(THE DATA)
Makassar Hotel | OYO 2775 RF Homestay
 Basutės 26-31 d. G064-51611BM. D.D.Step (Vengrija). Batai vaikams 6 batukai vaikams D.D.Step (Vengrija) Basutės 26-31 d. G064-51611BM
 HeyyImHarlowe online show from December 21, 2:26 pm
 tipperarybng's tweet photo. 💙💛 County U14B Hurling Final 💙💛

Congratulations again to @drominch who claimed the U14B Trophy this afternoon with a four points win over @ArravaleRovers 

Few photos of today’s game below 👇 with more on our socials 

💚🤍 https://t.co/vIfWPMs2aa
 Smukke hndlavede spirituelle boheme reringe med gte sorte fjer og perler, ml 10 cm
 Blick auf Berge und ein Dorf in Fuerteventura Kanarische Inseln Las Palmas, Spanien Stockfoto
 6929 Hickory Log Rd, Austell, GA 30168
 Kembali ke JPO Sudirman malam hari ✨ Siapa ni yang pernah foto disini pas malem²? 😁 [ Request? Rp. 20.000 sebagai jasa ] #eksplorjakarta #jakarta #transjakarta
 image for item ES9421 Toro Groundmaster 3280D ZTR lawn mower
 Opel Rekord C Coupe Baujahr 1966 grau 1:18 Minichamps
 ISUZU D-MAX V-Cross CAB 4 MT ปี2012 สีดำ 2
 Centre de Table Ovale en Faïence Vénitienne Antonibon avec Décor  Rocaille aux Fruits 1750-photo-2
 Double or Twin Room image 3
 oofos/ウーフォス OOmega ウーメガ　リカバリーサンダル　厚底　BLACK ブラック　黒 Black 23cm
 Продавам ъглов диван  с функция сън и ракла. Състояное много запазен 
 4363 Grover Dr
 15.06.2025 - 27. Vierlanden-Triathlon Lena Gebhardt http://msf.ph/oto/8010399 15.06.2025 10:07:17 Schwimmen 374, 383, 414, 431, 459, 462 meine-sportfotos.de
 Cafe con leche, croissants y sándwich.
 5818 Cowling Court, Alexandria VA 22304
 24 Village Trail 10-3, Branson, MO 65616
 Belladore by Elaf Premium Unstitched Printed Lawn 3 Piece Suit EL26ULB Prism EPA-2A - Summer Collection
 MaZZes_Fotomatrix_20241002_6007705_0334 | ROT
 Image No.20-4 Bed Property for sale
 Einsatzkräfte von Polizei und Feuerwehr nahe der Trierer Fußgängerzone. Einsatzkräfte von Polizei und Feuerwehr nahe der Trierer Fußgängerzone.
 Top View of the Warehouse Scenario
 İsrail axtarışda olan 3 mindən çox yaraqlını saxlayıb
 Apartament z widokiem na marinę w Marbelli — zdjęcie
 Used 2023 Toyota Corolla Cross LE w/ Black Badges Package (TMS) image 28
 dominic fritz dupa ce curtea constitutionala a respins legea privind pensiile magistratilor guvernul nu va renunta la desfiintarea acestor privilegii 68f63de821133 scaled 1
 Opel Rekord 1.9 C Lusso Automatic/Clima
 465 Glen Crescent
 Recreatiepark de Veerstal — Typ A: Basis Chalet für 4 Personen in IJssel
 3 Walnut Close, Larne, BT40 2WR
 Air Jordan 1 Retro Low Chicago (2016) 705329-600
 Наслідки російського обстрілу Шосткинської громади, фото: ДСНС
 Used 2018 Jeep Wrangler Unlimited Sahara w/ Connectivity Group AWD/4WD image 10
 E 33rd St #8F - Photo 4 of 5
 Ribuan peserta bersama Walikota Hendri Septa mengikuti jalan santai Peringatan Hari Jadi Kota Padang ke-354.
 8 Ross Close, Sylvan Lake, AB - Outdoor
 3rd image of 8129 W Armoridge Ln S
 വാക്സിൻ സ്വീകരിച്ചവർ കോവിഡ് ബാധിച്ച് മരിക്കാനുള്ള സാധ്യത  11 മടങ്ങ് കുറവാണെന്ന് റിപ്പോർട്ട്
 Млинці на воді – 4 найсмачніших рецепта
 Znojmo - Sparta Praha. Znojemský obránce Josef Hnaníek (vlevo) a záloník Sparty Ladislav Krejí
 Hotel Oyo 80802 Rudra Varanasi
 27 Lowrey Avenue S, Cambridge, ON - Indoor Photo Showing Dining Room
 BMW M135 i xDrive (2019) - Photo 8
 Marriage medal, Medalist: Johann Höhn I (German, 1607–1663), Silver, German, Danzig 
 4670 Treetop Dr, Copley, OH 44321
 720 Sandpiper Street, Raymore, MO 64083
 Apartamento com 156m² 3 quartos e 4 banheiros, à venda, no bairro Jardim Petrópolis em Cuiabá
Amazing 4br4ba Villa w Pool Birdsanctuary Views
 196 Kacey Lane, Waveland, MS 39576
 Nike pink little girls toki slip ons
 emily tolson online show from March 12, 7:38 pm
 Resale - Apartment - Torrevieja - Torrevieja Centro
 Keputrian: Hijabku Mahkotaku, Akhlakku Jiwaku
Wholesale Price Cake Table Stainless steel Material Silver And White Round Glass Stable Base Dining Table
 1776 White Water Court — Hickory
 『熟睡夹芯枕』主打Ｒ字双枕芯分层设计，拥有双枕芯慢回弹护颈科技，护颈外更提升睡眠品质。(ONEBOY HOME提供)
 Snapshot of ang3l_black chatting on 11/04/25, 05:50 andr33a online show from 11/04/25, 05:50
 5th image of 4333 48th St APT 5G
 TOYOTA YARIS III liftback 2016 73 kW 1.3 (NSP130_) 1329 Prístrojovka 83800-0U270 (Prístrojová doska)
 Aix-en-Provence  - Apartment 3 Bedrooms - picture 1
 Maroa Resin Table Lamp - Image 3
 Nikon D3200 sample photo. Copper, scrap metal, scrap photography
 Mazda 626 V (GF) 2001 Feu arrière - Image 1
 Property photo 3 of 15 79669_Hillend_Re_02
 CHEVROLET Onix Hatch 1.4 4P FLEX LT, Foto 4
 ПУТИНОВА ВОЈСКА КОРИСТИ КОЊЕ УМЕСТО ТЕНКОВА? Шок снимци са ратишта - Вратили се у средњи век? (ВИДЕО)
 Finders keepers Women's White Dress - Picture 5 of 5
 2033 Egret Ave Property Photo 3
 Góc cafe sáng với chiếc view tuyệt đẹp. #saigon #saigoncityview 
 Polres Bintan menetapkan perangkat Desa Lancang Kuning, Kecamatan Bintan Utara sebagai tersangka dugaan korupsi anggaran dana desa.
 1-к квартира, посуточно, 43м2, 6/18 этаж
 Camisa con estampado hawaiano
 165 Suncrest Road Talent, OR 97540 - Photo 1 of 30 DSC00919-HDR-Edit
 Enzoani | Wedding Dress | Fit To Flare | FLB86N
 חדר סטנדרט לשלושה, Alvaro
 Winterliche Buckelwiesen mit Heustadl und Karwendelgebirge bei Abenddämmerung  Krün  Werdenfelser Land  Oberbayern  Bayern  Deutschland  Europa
(End THE DATA)
- **AIM OF THE TASK**
Scan the records for the word "White" and copy every line where it is found.

- **SOLUTION FOR THIS PROBLEM**
Wholesale Price Cake Table Stainless steel Material Silver And White Round Glass Stable Base Dining Table
 1776 White Water Court — Hickory
 Finders keepers Women's White Dress - Picture 5 of 5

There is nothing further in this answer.